FETÖ’nün para toplama sistemini artık iyice biliyoruz. Öncelikle “Himmet.” Örgüt elemanları veya örgüt tarafından işe sokulanlar maaşlarının bir kısmını veriyorlar. Evlilerde yüzde 5, bekarlarda yüzde 10. Genellikle karı koca FETÖ’cü oldukları için daha kafadan yüzde 10 kâr ediyorlar.
Onun dışında bağış yapanlar, bir işlerinin halledilmesi için rüşvet tadında “Hayır işleyenler”, Bank Asya’ya destek için para yatıranlar. Bunlar tamam.
Ama bu perdenin bir de diğer tarafı var. Onlar da FETÖ’den para kazananlar, para alanlar, avanta sağlayanlar. Ya onlar ne durumda?
Mesela FETÖ’cü örgütlenmenin desteği ile devlet ihalesi alanlar ne olacak? Bu ihalenin belli bir kısmını örgüte aktaranlar yani. Halkı soymak işin bildiğimiz kısmı. Ya devlet soyulurken buna destek çıkanlar?
Acaba hangi şirketler satın alma komisyonlarındaki FETÖ’cülerle irtibat kurup hakları olmayan ihaleleri haksız bir biçimde aldılar? Acaba hangi şirketler üç liralık bir işi 10 liraya yapıp kârı FETÖ ile paylaştı? Aslında bulması kolay. Tersten gitmek lazım.
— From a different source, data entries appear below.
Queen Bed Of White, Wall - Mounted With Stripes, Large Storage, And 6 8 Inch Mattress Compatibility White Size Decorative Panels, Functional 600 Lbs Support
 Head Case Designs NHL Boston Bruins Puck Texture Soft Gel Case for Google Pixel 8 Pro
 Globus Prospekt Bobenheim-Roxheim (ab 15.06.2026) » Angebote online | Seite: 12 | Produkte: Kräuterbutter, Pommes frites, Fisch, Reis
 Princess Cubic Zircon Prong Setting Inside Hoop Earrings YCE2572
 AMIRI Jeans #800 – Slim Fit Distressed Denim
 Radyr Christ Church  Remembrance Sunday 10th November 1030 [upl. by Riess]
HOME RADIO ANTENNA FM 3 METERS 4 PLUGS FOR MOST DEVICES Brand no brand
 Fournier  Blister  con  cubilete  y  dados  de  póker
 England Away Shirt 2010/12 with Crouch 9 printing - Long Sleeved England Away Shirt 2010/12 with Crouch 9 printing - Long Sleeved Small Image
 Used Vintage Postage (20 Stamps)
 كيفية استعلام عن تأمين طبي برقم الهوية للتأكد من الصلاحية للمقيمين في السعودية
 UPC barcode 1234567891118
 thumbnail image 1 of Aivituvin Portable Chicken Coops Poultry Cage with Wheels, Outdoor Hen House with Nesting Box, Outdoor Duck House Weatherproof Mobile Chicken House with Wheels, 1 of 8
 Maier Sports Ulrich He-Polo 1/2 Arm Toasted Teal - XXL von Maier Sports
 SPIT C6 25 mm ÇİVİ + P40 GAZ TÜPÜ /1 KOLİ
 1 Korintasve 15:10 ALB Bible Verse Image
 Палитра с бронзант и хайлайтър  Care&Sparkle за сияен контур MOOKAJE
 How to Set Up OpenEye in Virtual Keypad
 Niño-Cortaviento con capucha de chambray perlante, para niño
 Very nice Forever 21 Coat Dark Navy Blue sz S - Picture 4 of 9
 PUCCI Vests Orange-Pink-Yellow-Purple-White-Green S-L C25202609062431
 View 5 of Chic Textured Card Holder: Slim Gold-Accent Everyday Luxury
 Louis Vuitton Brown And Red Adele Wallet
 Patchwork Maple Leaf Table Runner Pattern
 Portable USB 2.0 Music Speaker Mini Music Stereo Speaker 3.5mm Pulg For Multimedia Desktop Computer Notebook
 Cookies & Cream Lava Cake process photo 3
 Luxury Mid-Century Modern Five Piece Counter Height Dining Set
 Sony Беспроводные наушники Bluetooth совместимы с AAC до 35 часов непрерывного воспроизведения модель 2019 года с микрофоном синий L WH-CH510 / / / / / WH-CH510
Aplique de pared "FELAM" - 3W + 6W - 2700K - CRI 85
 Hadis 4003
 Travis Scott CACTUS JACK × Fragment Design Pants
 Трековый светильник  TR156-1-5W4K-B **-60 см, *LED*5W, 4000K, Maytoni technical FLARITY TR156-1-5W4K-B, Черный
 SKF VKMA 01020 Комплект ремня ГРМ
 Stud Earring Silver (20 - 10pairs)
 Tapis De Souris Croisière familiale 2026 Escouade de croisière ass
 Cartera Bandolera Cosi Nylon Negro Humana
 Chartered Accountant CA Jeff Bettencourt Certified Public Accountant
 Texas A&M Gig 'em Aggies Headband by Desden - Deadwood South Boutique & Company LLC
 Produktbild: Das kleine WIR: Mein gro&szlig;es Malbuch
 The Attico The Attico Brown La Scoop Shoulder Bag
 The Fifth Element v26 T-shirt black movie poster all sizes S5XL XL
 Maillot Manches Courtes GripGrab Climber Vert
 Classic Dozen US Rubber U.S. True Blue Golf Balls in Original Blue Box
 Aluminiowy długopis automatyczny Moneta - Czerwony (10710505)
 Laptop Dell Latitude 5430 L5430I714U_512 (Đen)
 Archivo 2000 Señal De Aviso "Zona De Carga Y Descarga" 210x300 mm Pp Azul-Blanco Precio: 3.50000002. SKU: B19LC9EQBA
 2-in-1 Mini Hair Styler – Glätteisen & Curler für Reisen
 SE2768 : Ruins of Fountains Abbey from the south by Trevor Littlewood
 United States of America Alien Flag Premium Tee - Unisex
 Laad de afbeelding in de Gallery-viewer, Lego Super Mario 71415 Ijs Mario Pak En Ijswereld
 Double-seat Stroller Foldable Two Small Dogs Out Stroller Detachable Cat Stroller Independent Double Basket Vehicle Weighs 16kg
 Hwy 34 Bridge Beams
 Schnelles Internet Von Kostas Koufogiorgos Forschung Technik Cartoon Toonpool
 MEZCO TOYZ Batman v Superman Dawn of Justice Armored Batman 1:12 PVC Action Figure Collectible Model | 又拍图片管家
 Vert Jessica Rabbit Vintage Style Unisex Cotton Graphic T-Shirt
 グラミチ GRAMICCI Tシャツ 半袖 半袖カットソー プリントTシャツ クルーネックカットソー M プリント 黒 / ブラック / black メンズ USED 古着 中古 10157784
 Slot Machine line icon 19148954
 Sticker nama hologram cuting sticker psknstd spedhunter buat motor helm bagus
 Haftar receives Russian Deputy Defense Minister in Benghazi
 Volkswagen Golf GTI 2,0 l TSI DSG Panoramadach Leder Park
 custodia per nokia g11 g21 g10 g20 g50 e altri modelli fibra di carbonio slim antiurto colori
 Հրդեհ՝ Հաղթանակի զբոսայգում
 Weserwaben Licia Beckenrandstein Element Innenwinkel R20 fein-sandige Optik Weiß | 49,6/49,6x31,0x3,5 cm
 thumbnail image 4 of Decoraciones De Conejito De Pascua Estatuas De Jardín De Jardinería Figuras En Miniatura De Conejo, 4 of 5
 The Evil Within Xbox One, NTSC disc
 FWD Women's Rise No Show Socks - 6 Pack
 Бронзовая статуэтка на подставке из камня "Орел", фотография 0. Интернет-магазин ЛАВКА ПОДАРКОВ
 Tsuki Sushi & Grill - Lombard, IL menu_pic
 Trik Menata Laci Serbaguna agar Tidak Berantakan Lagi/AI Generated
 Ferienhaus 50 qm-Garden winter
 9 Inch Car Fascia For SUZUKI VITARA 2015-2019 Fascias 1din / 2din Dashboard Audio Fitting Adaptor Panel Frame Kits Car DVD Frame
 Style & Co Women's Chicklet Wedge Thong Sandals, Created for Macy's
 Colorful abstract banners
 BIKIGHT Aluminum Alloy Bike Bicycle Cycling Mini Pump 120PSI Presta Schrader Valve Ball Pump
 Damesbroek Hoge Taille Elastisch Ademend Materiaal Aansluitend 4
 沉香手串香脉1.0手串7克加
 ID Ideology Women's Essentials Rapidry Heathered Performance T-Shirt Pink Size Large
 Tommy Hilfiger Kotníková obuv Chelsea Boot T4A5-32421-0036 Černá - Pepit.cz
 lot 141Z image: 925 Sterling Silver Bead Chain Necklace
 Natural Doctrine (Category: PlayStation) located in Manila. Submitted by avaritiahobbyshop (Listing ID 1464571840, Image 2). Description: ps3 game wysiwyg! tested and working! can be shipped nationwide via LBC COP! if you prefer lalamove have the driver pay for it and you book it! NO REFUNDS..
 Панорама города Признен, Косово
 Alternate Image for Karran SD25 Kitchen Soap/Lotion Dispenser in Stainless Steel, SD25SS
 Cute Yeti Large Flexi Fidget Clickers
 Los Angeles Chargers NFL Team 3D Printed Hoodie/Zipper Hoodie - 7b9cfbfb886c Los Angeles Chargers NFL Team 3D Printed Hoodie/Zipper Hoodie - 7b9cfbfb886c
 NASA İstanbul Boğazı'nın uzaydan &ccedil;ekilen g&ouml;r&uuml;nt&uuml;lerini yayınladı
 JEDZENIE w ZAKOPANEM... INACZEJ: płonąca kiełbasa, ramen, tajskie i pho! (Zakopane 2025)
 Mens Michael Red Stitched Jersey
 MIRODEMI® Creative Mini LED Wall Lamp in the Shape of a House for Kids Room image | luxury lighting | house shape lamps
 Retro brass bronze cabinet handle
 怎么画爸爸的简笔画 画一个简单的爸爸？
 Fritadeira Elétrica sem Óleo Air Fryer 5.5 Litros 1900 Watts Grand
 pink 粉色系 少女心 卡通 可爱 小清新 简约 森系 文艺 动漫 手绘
Tespit edilen FETÖ’cü şirketin faturalarına bakılsa kimden ihale aldıkları ortaya çıkar. Sonra da bu işi onlara kimin, hangi komisyon üyelerinin verdiği bulunur. Al sana devasa bir hortum zinciri.
Mesela, zamanında FETÖ’cü olduğu açıkça belli olan kişilerin yönettiği kimi TRT kanallarına kimler ‘prodüksiyon’ yaptı? Kimlerin projeleri daha örgüt “Cemaat” olarak adlandırılırken yani “Hizmet” adı ortada yokken ‘hizmetten’ şifresi ile denetlenmeden kabul edildi? TRT ile çalışan, doğru-dürüst işler yapan gazetecileri, kimler kendi adamlarının önü açılsın diye FETÖ’cü yayın organlarında hedef gösterdi? Operasyon hedefi yaptı. Ekmekleri ile oynadı.